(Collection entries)
★ ★ ★ ★

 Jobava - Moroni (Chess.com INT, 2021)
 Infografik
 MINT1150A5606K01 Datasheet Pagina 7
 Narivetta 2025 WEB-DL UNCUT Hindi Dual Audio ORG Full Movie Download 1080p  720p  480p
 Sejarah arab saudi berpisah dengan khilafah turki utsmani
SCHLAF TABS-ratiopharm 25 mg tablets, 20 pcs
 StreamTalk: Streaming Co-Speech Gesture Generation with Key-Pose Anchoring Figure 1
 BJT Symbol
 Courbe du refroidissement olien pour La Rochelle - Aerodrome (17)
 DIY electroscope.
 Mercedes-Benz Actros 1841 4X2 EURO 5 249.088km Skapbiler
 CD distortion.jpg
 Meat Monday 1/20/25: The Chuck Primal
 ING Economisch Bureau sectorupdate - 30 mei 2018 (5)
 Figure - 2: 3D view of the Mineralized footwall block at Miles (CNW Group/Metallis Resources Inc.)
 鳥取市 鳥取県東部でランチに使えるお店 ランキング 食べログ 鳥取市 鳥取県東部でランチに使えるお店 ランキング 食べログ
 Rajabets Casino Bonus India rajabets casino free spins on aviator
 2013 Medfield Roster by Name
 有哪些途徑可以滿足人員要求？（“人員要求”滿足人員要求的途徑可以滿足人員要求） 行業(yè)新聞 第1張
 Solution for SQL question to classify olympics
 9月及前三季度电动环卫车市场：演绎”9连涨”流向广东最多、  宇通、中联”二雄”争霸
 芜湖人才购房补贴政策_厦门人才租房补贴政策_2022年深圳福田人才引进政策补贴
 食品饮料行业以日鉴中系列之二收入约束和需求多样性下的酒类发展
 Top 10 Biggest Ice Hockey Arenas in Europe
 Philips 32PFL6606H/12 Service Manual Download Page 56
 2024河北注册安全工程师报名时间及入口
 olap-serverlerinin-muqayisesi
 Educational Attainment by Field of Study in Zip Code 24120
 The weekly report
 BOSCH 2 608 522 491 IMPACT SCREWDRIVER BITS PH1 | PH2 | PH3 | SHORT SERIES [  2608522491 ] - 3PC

★ ★ ★ ★

• What you will do: Above are the records; print exactly the lines from the line with "CD distortion.jpg" to the line with "鳥取市 鳥取県東部でランチに使えるお店 ランキング 食べログ 鳥取市", including both, and nothing else.

• Written solution:
 CD distortion.jpg
 Meat Monday 1/20/25: The Chuck Primal
 ING Economisch Bureau sectorupdate - 30 mei 2018 (5)
 Figure - 2: 3D view of the Mineralized footwall block at Miles (CNW Group/Metallis Resources Inc.)
 鳥取市 鳥取県東部でランチに使えるお店 ランキング 食べログ 鳥取市 鳥取県東部でランチに使えるお店 ランキング 食べログ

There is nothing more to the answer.